Jumat, 14 Agustus 2009

Berbicara denganTuhan???????

Sering kita mendengar cerita tentang seorang remaja yang sedang mencari jati dirinya. Dikatakan bahwa pemuda yang seperti itu selalu mencoba berbagai macam hal untuk mendapatkan pengalaman sebanyak-banyaknya. Pemuda itu tidak gampang puas dengan pemahaman-pemahaman yang mereka peroleh sehingga suasana hatinya tidak pernah tenang… yang kelihatan sekali dari perilaku dan raut mukanya yang terkesan agak liar. Namun seiring dengan bertambahnya usia, kesan liar itu berkurang sejalan dengan bertambahnya pemahaman mereka akan kehidupan. Kebanyakan pemuda akan menemukan kedamaiannya, sementara yang lain akan terus menerus melakukan pencaharian sepanjang hidup mereka.

Melihat kenyataan yang ada, kadang-kadang saya berpikir bahwa sepertinya saya tidak akan pernah puas dengan diri saya, dan saya yakin bahwa saya akan terus menerus berubah dan haus akan pencaharian. Buddha mengatakan bahwa kebahagian hanya bisa ditemukan di dalam diri, kesenangan yang didapat dari dunia luar tidak bersifat kekal… untuk itu hendaklah kita berusaha melepas sebanyak mungkin keterikatan terhadap dunia luar untuk kemudian meniti kedalam diri sendiri dan berusaha menemukan tujuan sejati kita di dalam sana, yaitu kebahagiaan hakiki.

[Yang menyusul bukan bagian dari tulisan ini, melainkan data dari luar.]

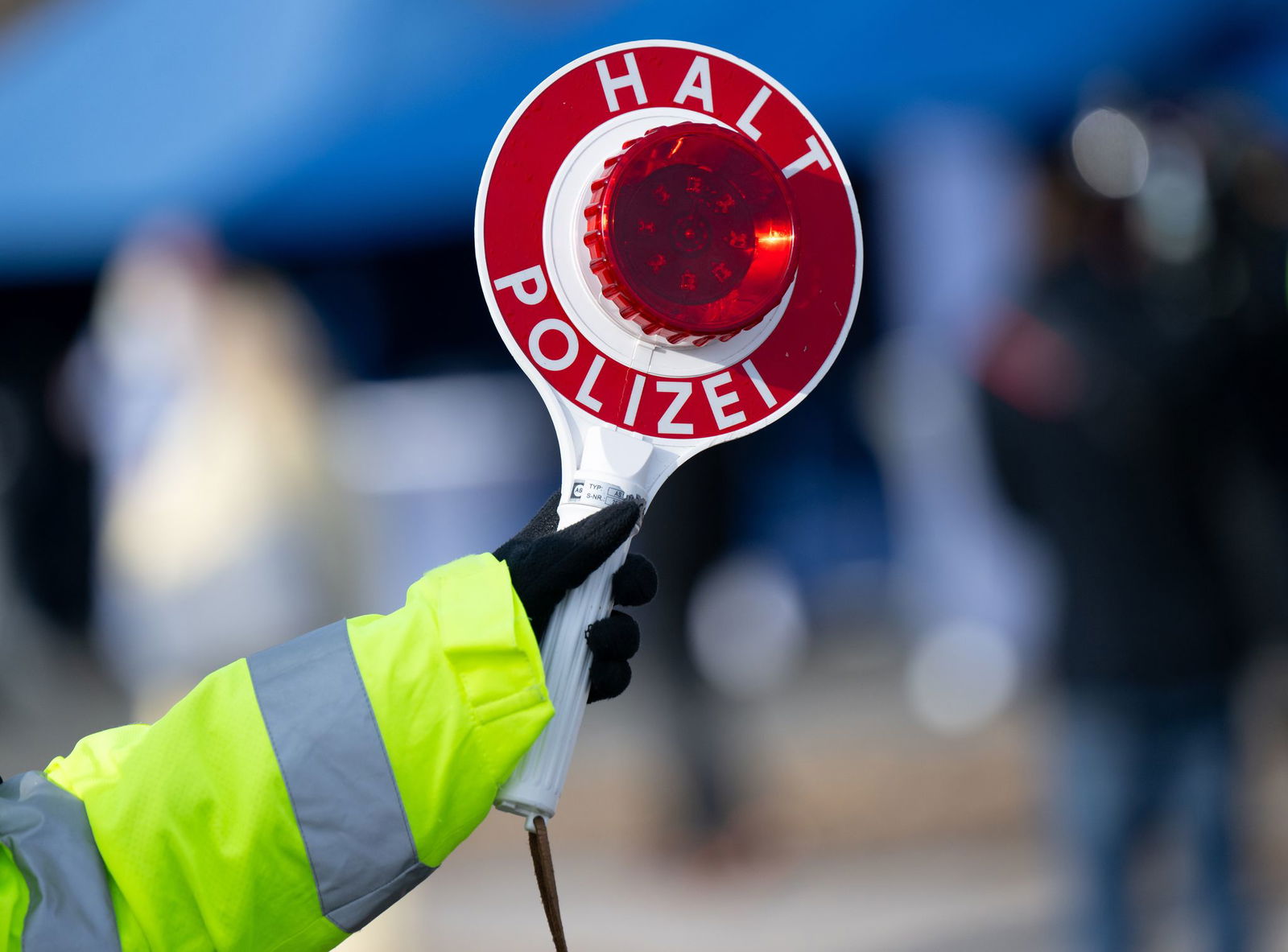 Nach der Kontrolle wird gegen die beiden ermittelt. (Symbolbild)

Dalam khasanah tradisi ke-budhis-an, terdapat suatu teknik yang disebut dengan meditasi. Ada banyak konsep tentang meditasi, namun saya lebih cocok dengan konsep meditasi yang berpegang pada prinsip “menjinakan pikiran”. Dalam praktiknya kita dianjurkan untuk duduk diam dengan mata terpejam, sambil memperhatikan pikiran yang muncul. Itu saja, kita hanya memperhatikan pikiran yang muncul tanpa menghakimi bahwa itu pikiran negatif atau positif. Kadang-kadang memang kita hanyut dalam pikiran itu, namun begitu kita menyadari bahwa kita sedang terhanyut dalam pikiran itu… maka kita berusaha kembali pada kegiatan memperhatikan pikiran seperti semula. Semakin lama pikiran akan berkurang dan diharapkan dengan berkurangnya pikiran, maka perasaan kita akan semakin damai. Dalam tradisi Zen terdapat istilah “satori” yaitu perasaan damai bahagia sesaat yang dialami seseorang akibat dari kegiatan meditasi. (tujuan meditasi adalah kebahagiaan hakiki)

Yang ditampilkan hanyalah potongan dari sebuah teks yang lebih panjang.